/avalanche-ndss2020

Scripts and models of the NDSS 2020 paper "A Practical Approach for Taking Down Avalanche Botnets Under Real-World Constraints"

Primary LanguagePython

A Practical Approach for Taking Down Avalanche Botnets Under Real-World Constraints

By Victor Le Pochat, Tim Van hamme, Sourena Maroofi, Tom Van Goethem, Davy Preuveneers, Andrzej Duda, Wouter Joosen, and Maciej Korczyński

This repository contains the source code and models of our NDSS 2020 paper A Practical Approach for Taking Down Avalanche Botnets Under Real-World Constraints.

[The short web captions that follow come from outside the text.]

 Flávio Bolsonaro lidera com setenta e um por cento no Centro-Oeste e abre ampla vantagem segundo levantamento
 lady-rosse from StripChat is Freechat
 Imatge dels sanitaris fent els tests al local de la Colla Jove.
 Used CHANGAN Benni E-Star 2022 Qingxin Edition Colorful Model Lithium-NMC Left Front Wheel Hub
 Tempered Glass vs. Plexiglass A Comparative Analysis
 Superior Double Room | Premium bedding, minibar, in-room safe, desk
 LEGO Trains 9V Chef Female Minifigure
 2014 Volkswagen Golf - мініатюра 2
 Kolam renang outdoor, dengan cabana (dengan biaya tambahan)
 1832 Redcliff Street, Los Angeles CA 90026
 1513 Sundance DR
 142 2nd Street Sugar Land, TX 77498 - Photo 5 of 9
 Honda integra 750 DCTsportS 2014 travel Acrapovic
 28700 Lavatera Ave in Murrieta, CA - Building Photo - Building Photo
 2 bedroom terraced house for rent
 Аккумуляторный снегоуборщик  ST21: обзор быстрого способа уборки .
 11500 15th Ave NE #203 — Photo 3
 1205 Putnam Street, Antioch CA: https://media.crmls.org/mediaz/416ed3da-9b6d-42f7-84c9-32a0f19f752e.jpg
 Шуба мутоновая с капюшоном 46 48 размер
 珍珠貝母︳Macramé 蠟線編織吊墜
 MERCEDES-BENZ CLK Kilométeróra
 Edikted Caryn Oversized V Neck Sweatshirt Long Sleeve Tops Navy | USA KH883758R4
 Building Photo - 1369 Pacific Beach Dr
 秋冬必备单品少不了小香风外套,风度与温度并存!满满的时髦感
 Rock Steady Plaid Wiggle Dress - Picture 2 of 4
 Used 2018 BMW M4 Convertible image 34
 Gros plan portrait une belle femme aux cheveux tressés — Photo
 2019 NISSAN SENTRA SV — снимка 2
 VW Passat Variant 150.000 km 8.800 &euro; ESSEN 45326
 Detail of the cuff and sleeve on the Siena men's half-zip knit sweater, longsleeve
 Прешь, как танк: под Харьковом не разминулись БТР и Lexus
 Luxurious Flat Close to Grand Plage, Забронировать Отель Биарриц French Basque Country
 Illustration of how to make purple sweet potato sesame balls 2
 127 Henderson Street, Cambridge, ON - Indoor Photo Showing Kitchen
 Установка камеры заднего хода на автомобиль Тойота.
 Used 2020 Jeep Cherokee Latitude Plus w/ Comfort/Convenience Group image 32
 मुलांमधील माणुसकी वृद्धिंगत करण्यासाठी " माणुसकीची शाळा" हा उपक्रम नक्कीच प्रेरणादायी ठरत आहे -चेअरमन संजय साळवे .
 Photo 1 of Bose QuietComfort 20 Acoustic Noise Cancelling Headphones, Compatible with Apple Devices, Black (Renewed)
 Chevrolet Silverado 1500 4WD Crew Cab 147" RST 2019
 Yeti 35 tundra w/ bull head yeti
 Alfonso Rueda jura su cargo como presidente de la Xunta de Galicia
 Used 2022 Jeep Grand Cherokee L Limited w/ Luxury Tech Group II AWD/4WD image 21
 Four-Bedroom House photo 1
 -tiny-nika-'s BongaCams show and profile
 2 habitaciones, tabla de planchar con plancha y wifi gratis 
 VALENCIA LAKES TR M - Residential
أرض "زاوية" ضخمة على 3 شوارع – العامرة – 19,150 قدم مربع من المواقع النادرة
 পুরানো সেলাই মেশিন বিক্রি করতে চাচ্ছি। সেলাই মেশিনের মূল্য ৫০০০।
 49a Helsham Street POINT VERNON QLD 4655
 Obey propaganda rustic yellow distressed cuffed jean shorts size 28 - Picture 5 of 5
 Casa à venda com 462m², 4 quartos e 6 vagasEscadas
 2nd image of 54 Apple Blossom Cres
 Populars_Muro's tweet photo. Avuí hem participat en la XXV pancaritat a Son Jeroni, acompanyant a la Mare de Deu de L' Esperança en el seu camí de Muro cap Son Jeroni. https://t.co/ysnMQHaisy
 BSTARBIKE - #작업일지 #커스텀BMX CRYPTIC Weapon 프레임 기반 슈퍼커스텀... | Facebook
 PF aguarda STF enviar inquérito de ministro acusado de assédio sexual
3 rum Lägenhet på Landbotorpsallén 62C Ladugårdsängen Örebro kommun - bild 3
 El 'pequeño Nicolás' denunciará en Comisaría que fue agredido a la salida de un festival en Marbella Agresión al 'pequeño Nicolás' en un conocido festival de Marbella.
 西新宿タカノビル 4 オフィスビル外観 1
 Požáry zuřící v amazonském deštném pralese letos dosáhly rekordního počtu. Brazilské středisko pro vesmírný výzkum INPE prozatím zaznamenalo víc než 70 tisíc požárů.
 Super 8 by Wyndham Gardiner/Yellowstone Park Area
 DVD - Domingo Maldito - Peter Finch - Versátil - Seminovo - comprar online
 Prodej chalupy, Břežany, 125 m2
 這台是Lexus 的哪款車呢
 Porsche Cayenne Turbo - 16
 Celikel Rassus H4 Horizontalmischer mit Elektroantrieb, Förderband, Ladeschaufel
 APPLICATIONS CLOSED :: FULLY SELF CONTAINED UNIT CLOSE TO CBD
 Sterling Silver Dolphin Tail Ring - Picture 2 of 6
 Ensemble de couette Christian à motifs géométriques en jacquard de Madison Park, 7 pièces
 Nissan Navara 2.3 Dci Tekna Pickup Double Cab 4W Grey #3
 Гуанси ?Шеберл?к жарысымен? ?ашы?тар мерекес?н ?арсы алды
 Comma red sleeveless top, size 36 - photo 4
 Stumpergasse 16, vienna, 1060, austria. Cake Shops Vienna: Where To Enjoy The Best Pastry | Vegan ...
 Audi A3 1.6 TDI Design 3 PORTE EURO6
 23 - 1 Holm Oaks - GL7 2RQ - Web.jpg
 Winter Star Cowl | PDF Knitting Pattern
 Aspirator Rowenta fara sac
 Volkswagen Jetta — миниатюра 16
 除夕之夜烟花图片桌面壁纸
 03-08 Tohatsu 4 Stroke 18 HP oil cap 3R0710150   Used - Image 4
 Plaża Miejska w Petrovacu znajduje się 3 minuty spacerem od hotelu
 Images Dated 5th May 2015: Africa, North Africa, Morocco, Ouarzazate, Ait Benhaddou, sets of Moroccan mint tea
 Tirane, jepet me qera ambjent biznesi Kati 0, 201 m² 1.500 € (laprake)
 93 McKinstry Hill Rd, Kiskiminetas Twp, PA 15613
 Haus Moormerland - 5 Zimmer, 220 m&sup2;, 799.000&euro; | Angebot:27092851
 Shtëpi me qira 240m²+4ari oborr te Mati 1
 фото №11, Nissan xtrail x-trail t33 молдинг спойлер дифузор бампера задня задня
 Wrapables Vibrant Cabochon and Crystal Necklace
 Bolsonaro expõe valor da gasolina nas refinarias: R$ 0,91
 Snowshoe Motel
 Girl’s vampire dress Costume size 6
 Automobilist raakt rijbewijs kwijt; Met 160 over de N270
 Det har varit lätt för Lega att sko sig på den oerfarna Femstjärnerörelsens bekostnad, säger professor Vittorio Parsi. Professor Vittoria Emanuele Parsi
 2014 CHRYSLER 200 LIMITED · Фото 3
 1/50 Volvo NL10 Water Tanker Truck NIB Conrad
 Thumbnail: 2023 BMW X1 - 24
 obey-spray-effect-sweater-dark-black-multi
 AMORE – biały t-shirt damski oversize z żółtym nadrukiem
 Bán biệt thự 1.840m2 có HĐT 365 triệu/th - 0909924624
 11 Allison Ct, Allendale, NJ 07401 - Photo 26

  • feature_generation contains the code for parsing raw input data, extracting feature values and ground truth, and exporting them to input files for the machine learning classifier.
  • evaluation_code_and_models contains the code for the evaluation and the models that were trained during it. The evaluation procedure that is followed can be found in the paper.sh bash script, it is as follows:
    1. train the models within 1 year by using production_train.py, do this for all dataset combinations and both the 2017 and 2018 iterations
    2. evaluate the performance of every iteration and every dataset combination by using experiment.py, this also finds the thresholds for the work reduced metric
    3. do the above evaluation for the full ensemble by calling ensemble_evaluation.py
    4. evaluate ensemble performance when trained on one iteration and tested on another by calling incremental_learning_evaluation.py
    5. evaluate the extended model trained on 2017 data + a part of 2018 data by calling incremental_learning_evaluation.py
    6. the dataset impact evaluation for both the extended and base models are found in dataset_impact_evaluation_extended.py and dataset_impact_evaluation.py
  • The evaluation code depends on scikitk-learn for training the models. To obtain the equal error rate evaluation metric we rely on bob suite. Other used packages: numpy, pandas.

Due to the sensitivity of the ground truth provided by law enforcement and commercial agreements for the third-party data sets, we cannot share the raw input data.